## Action item:
Could you transcribe exactly the lines below, from the line with "Textured Cowboy Silhouette | Sunset Glow" through the line with "Brushless hot air", and nothing else, leaving out the pictures?

(Stored items)
______

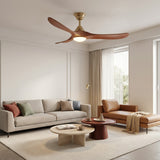 Ventilador de techo Selva de latón envejecido/madera de cerezo de Ø132 cm con luz LED y aspas de madera maciza 100% 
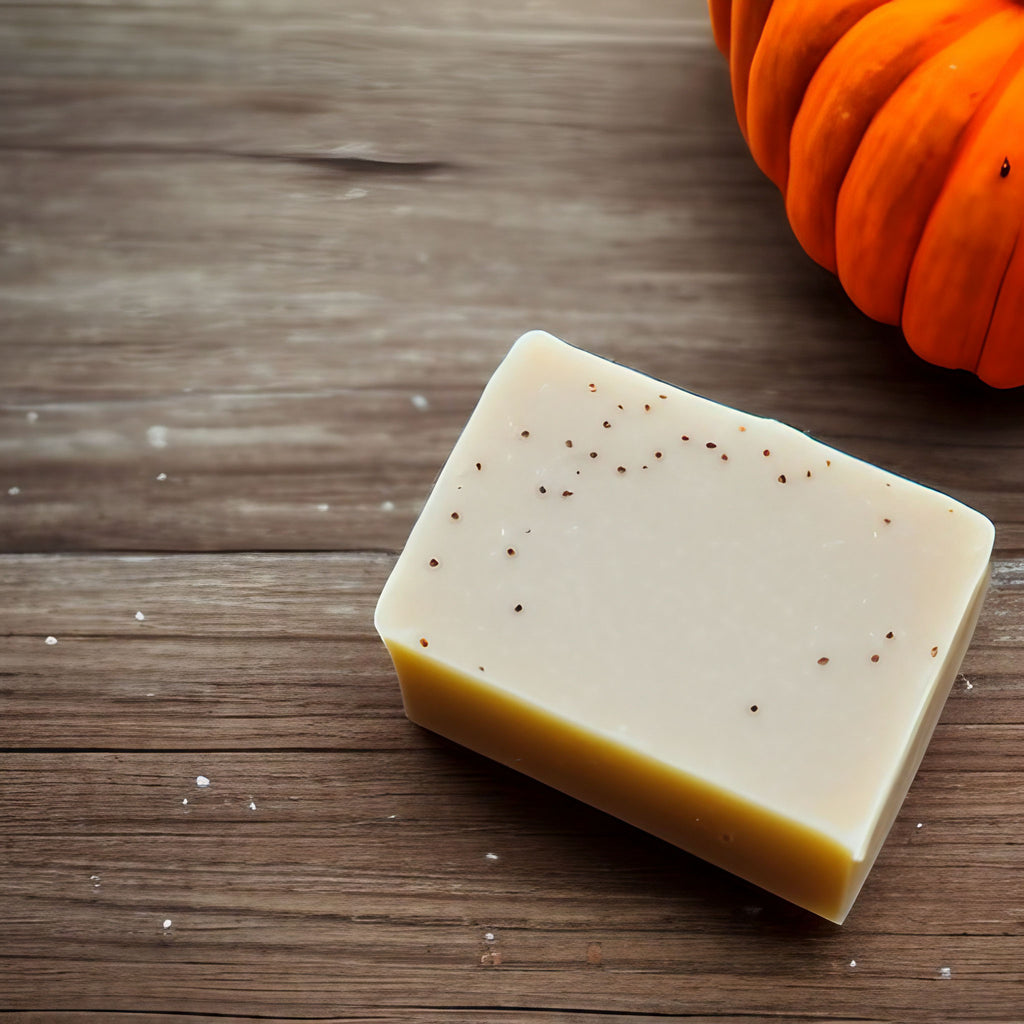 handmade pumpkin spice scented soap to pair with another gift for a fall or autumn themed gift presentation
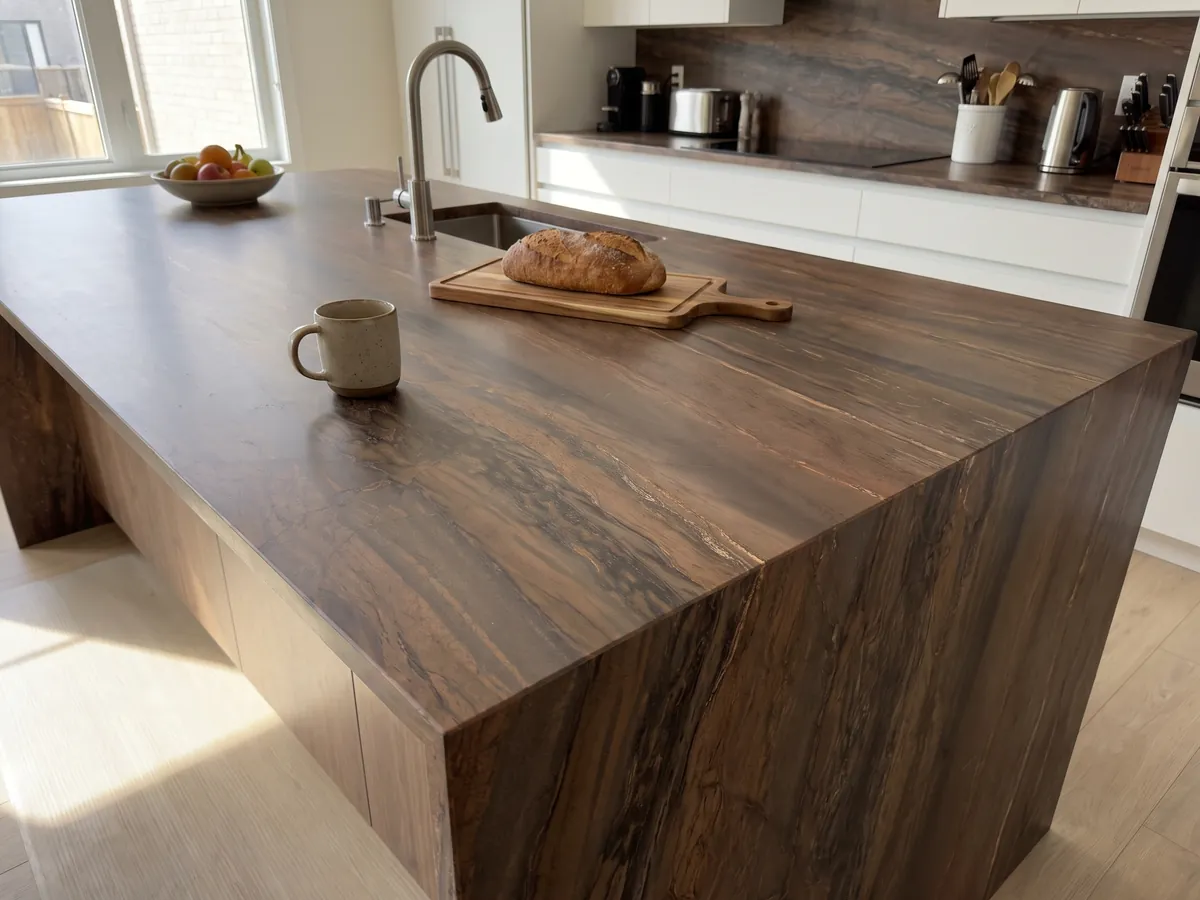 Isla de cocina con cubierta de cuarcita marrón Elegant Brown y canto recto en una cocina con luz natural: marrón cobrizo en bandas diagonales paralelas con líneas doradas finas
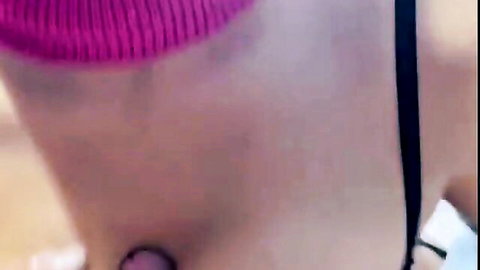 Italian fitness girl in pink beanie, black straps, close-up anal tease on OnlyFans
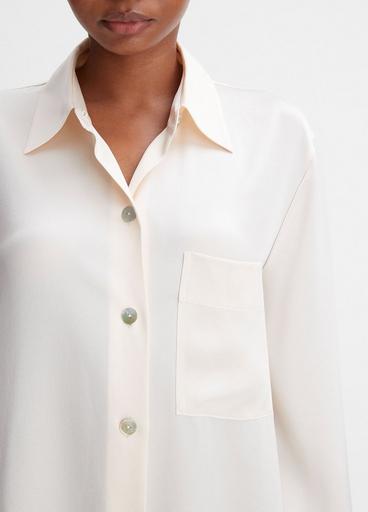 Silk Relaxed Chest-Pocket Blouse image number 1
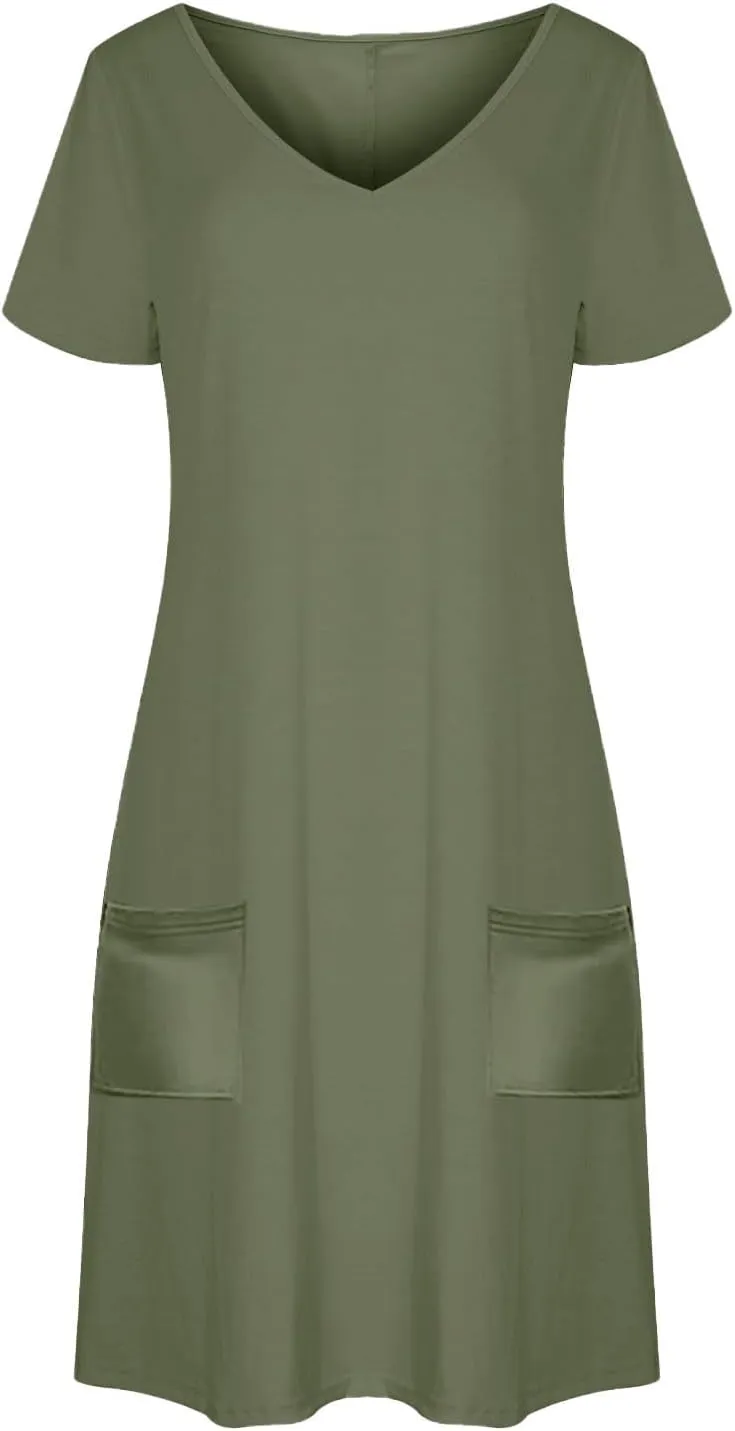 Womens Dress Loose Fit V Neck Casual Solid Color 2025 Summer Dresses Fashion Short Sleeve Mini Dress with Pockets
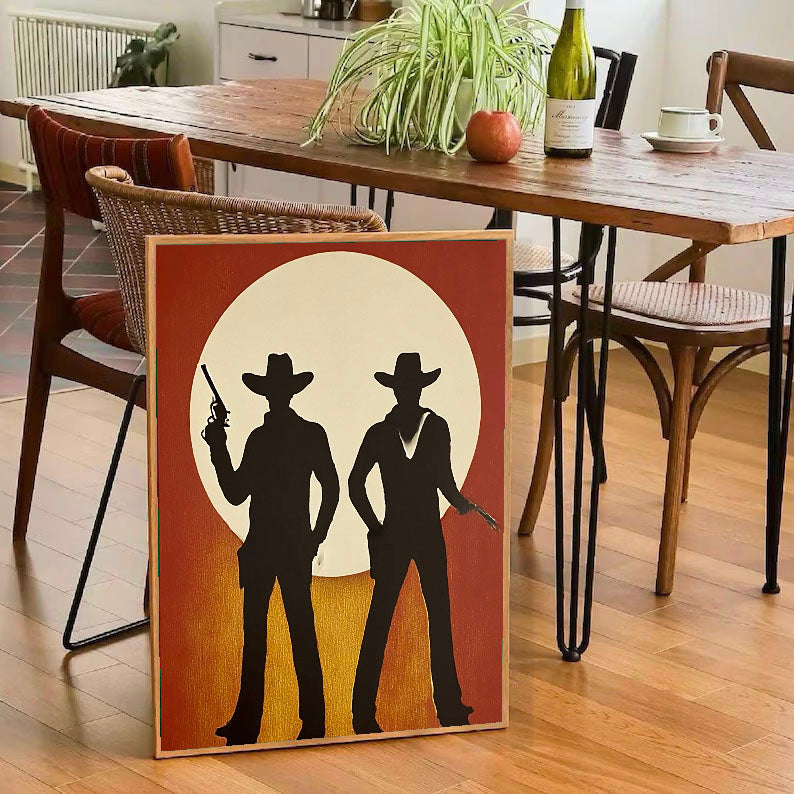 Textured Cowboy Silhouette | Sunset Glow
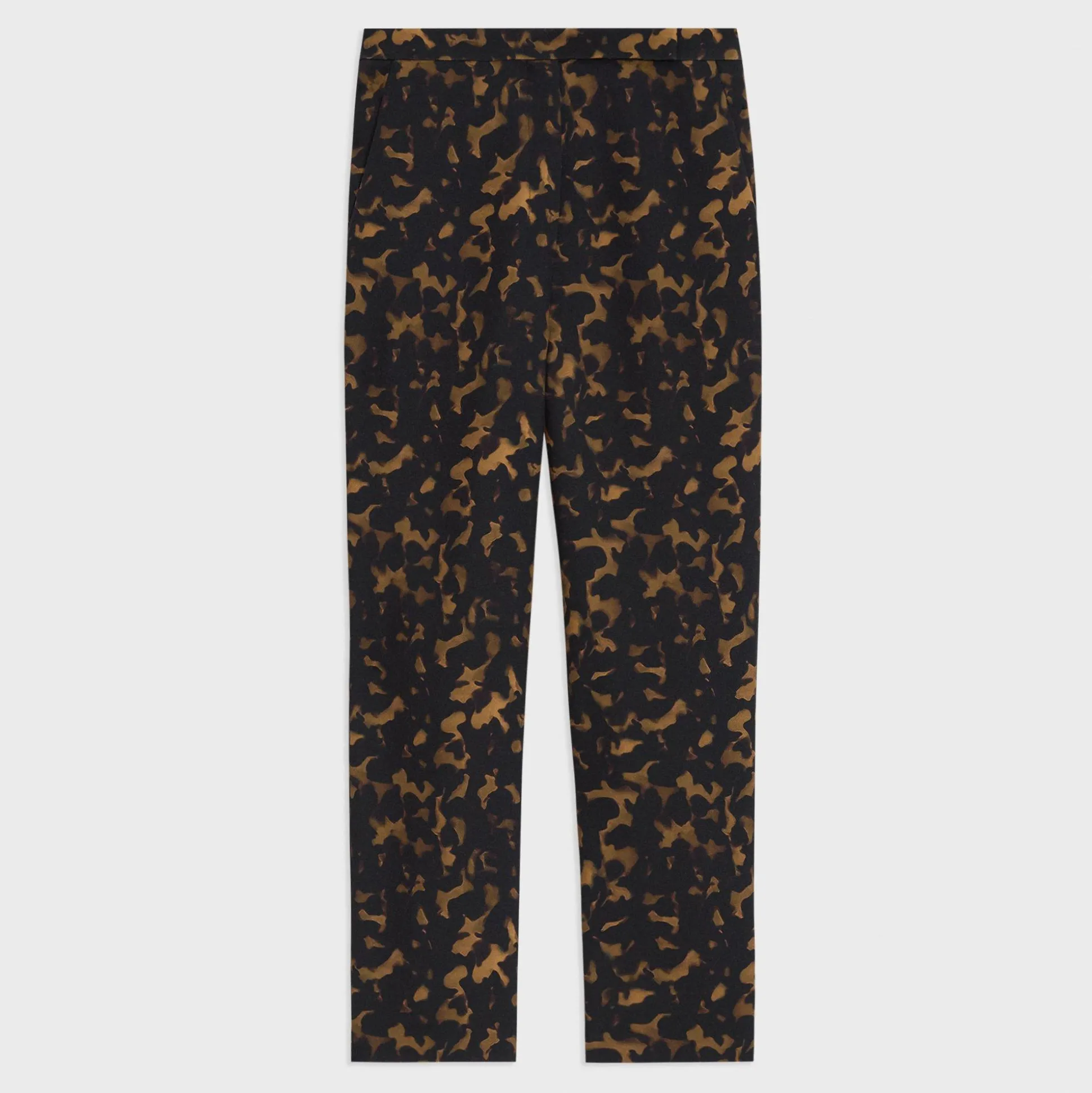 Theory High-Waist Slim Crop Pant In Tortoiseshell Printed Crepe-Women Suits|Pants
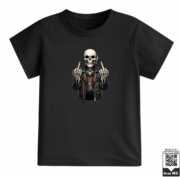Kids Rebel Biker Skeleton Graphic T-Shirt - Image 12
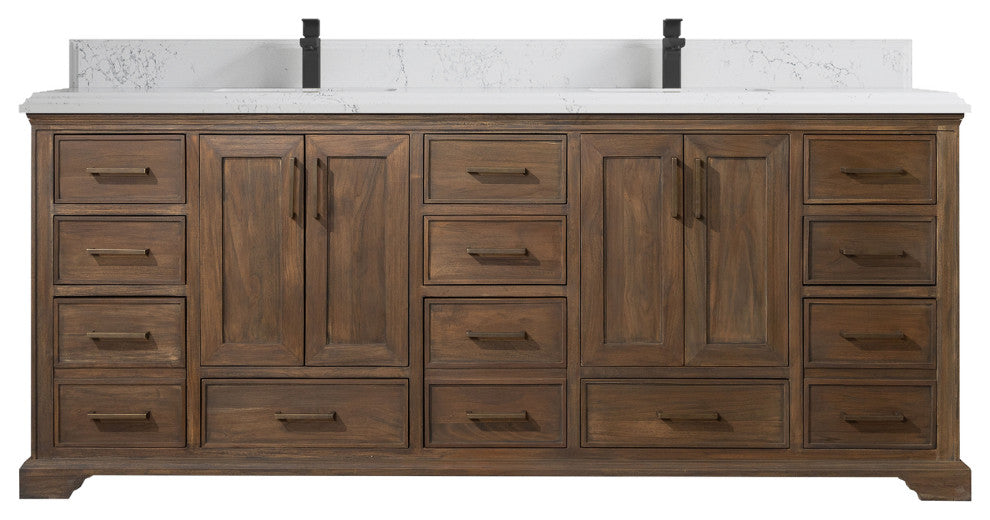 Charlotte Teak 84 Double Sink Bathroom Vanity Distressed Gray 1.5" Empira Quartz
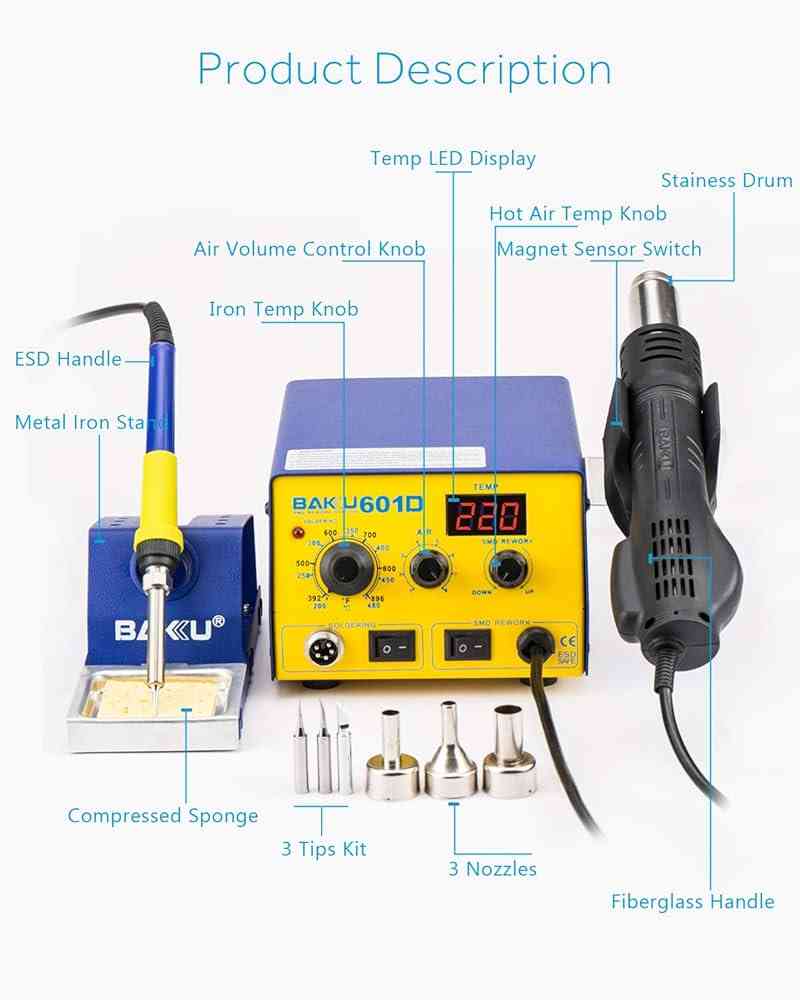 Brushless hot air SMD rework station series 6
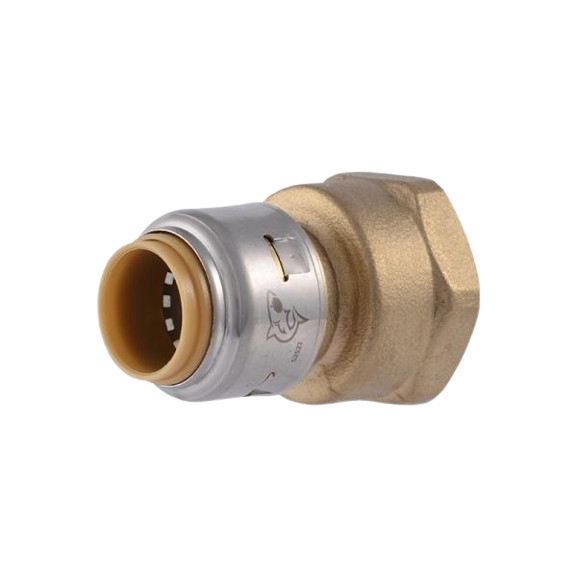 Brass push-to-connect female adapter for plumbing with stainless steel grip ring in Pipes & Fittings collection under $50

______

## Task solution:
 Textured Cowboy Silhouette | Sunset Glow
 Theory High-Waist Slim Crop Pant In Tortoiseshell Printed Crepe-Women Suits|Pants
Kids Rebel Biker Skeleton Graphic T-Shirt - Image 12
 Charlotte Teak 84 Double Sink Bathroom Vanity Distressed Gray 1.5" Empira Quartz
 Brushless hot air SMD rework station series 6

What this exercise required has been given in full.